This list began as a kind of ‘Reasons to be cheerful’ for the year ahead. But after giving it some thought, I soon realised that the smallest flicker of optimism doesn’t stand a chance against the horrifying reality of 2012. So what do we have to look forward to? Well there’s a new series of Game of Thrones, a new Ridley Scott sci-fi film and probably some other stuff but, unfortunately, none of it stands a chance against the following. But on the bright side, if one of the predictions below comes true it won’t matter anyway…

1. Gypsy Come Dancing


Producers kept Jeff Brazier on speed-dial

While the UK’s annual obsession with, cooking, dancing dogs and semi-talented but visually unappealing people will show no sign of abating, the real star of the televisual annum will be Gypsy Come Dancing, a TV talent contest about travellers teaming up with minor celebs and dancing for their supper (not to mention their own reality series and a Works-warming ghost-written autobiography). This will be accompanied by an ITV 2 after-show featuring a trollied Olly Murs brawling with members of the audience in a Yates Wine Lodge car park and Stacey Solomon fighting off the advances of a celebrity groper in the ‘Caravan of Love’.

2. Jurassic Renner


‘Wait, so I’m going to be in EVERYTHING?

Did you know that out of the several hundred films being released by Hollywood this year just under half will feature Jeremy Renner? This is a marked increase of 212% on last year and suggests that by 2016 films not featuring Renner will have their own genre. It seems that Jeremy Renner, like hiring a good director, or getting a decent script, is one of the foolproof ways to improve a film’s prospects. So don’t be surprised to see more ‘Renre’ films announced throughout the year – including Blade Renner, where Jeremy Renner has to hunt down clones of himself in the future, Jeressic Park, a bit like the other example but set in the present day and featuring a green and scaly Jeremy Renner with claws and movement-based vision, and Jeremy’s Ladder where an actor playing an Iraqi war vet has nightmarish visions of the future.

3. Sporting comedown


Exciting: The 2012 Olympics

By 2012 we will have seen every single possible athletic configuration of man and pole. Some will be lucky enough to have obtained tickets to see a man throwing a pole down a field, others will be sitting at home watching some men chasing some other men down a track with a pole. Some will even have to make do with listening to a man jumping over a pole with a bigger pole on the radio. Even though these colossal events are months away, the hype for 2012’s been building ever since Zeus invented Lucozade. But, inevitably, by the end of the year we’re going to be bored shitless of sports. Things are just not going to be that good again. Sure, we’ll have smaller athletic gatherings but they won’t be marked with a £27 million pound Danny Boyle choreographed intro featuring dancing nurses and Boris Johnson firing OAPS from the cannons of the Queen’s new state funded warship to satisfy the blood-lust of Poseidon.
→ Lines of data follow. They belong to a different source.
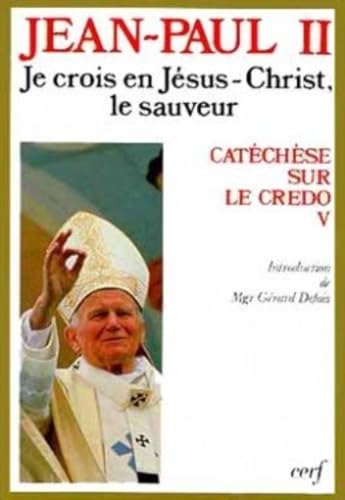 Je crois en Jésus-Christ le Sauveur: Catéchèse sur le credo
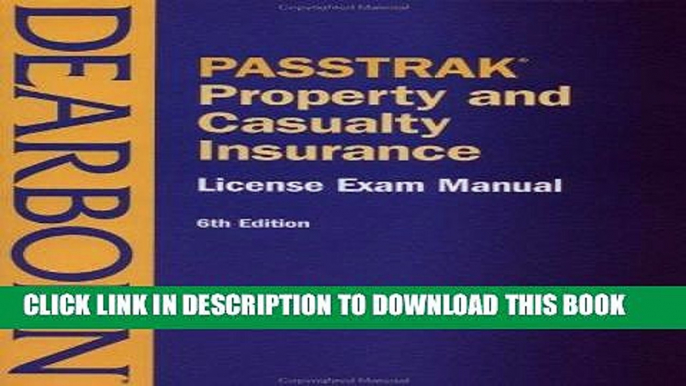 [PDF] FREE Property and Casualty Insurance License Exam Manual, 6th Edition Revised [Read] Online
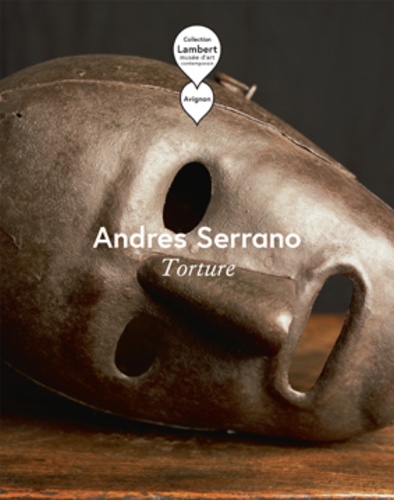 Andres Serrano - Torture.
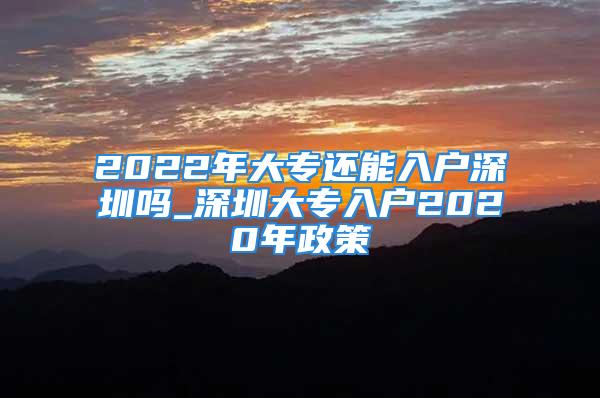 2022年大專還能入戶深圳嗎_深圳大專入戶2020年政策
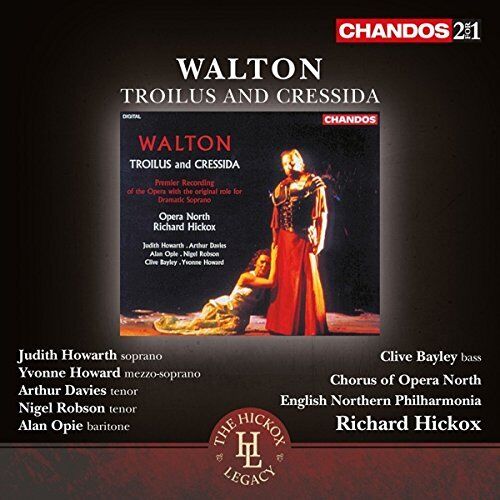 English Northern Philharmonia, Richard Hickox - Walton: Troilus And Cressida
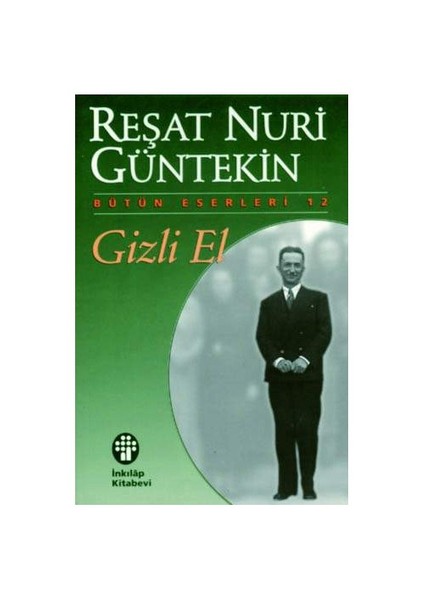 Gizli El - Reşat Nuri Güntekin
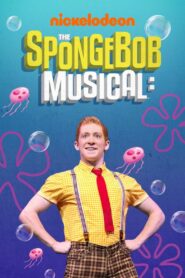 The SpongeBob Musical: Live on Stage! 2019 one on netflix
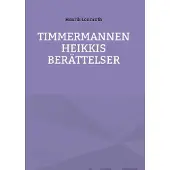 Lönnroth, Timmermannen Heikkis berättelser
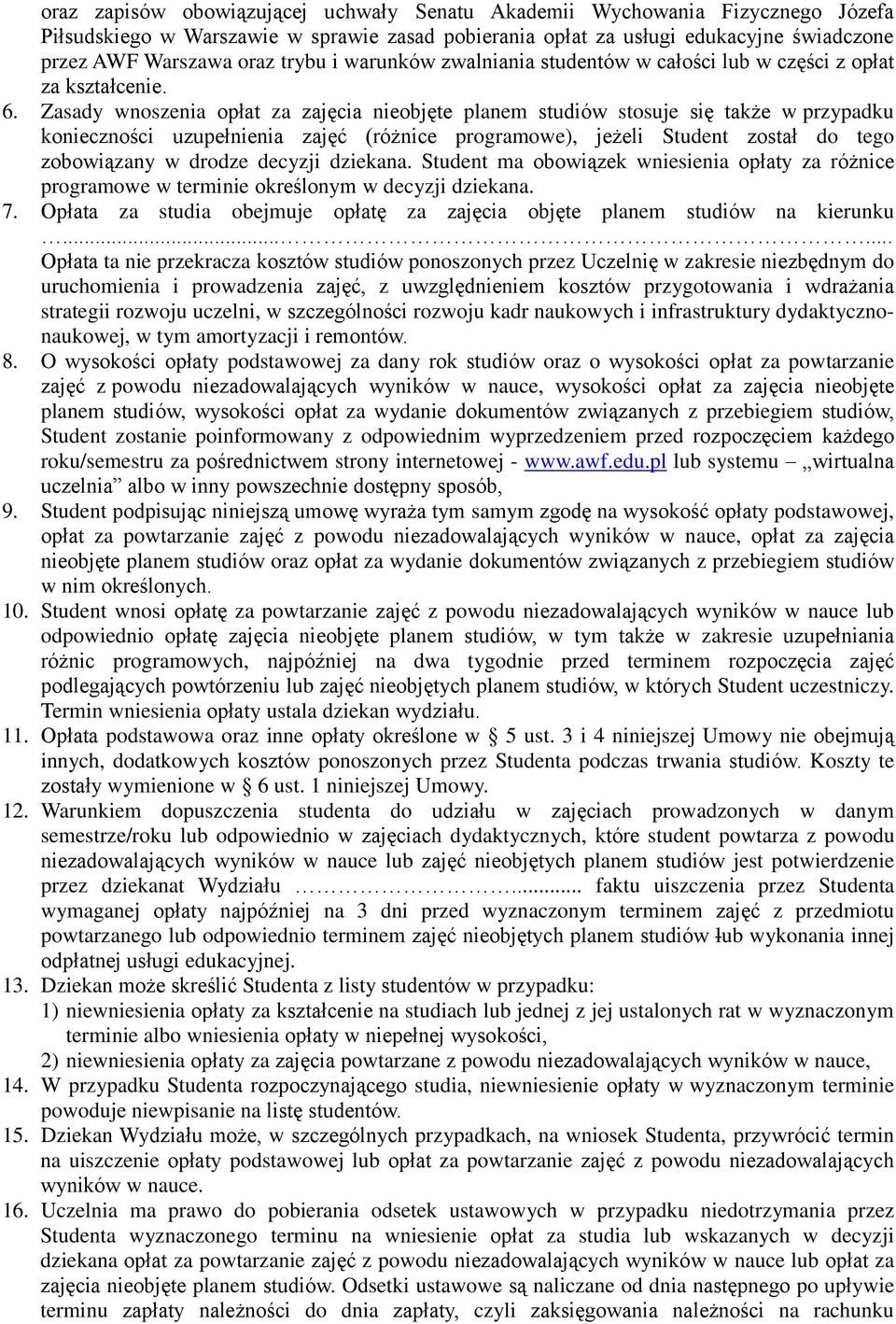 Zasady wnoszenia opłat za zajęcia nieobjęte planem studiów stosuje się także w przypadku konieczności uzupełnienia zajęć (różnice programowe), jeżeli Student został do tego zobowiązany w drodze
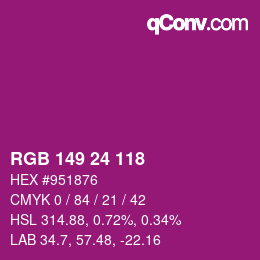 カラーコード: RGB 149 24 118 | qconv.com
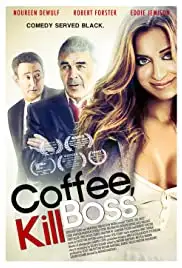 Coffee, Kill Boss (2013)
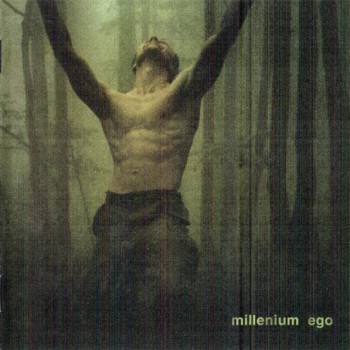 MILLENIUM - EGO - 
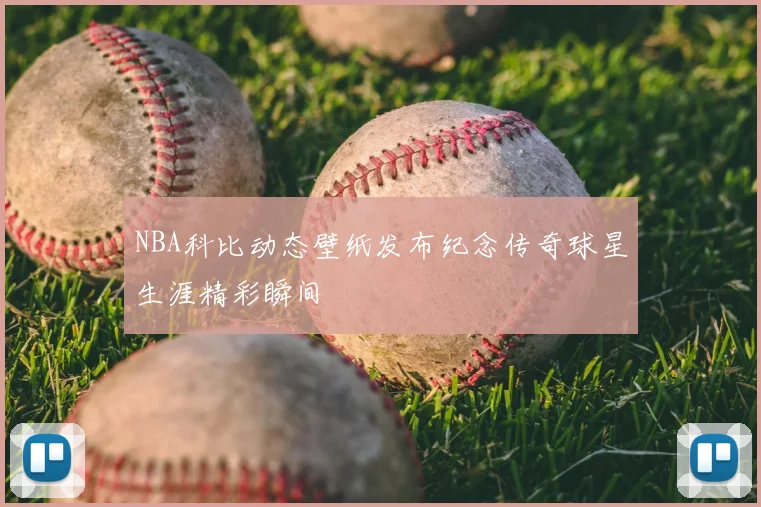 NBA科比动态壁纸发布纪念传奇球星生涯精彩瞬间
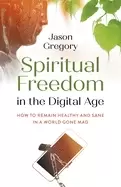 Image of spiritual freedom in the digital age how to remain healthy and sane in a wo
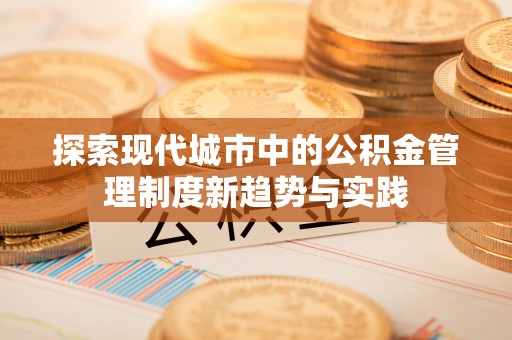 会泽探索现代城市中的公积金管理制度新趋势与实践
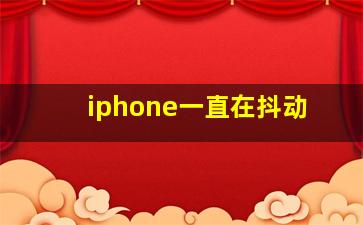 iphone一直在抖动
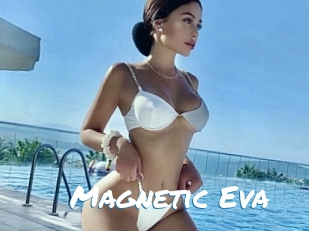 Magnetic_Eva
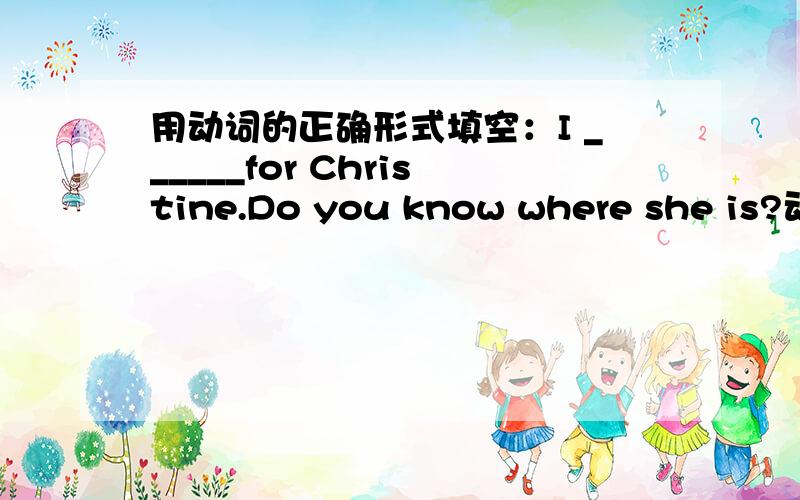 用动词的正确形式填空：I ______for Christine.Do you know where she is?动词在（come、get、look、start、make、 try、work）里选一个。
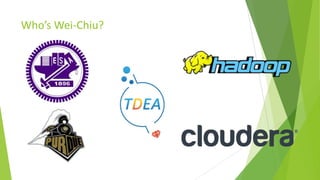 Who’s Wei-Chiu?
 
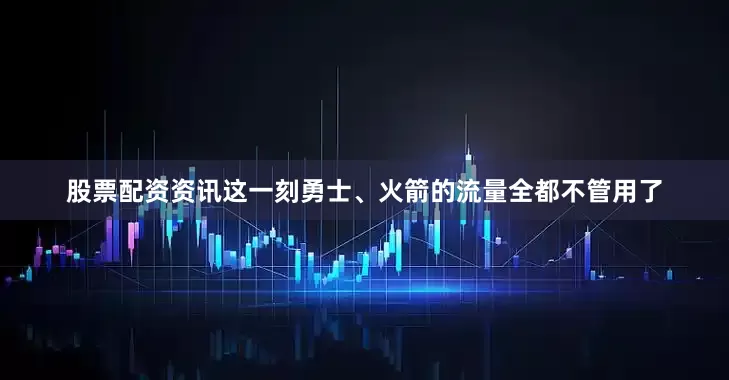 股票配资资讯这一刻勇士、火箭的流量全都不管用了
4. The end of the government


Clegg: used to love Fridays

The coalition government as we know it will no longer exist by 2013. There are already early signs of fracture: Nick Clegg being notoriously unable to handle his booze on ‘Crème du menthe Fridays’, George Osborne secretly seething every time Vince Cable puts on his Chumbawamba CD. When the dust settles, David Cameron will probably grow a beard, buy the jacket from a vagrant and use his retirement from politics to finally try and understand the underclass. Once he receives confirmation that 100% of society’s problems come from the 99%, he will then return in costume to do what he couldn’t actually do in government: beat them up with his fists. Nick Clegg will probably look sad on Clinton cards and then become the world’s first monochrome human being and the government will be led by the least successful Aardman creation since Flushed Away (a title that may have some additional relevance).

5. The Apocalypse


‘That’s right, £150 with Super Mario 3D’

We’ve had a few false starts in recent years with bird flu, foot and mouth and monkey mumps but 2012 promises to be the biggest yet: an apocalypse predicted the Mayans, who had a great record of predicting every single major event in history – bar their own downfall. The Mayan’s history is littered with successful predictions: the swift discounting of the Nintendo 3DS, Ricky Gervais not actually being as funny and clever as people thought and Cthulu turning up to ruin the opening ceremony of the Olympics (prediction pending) so it would be remiss not to mention it here and use it as a full stop – not just on this article but perhaps on existence itself.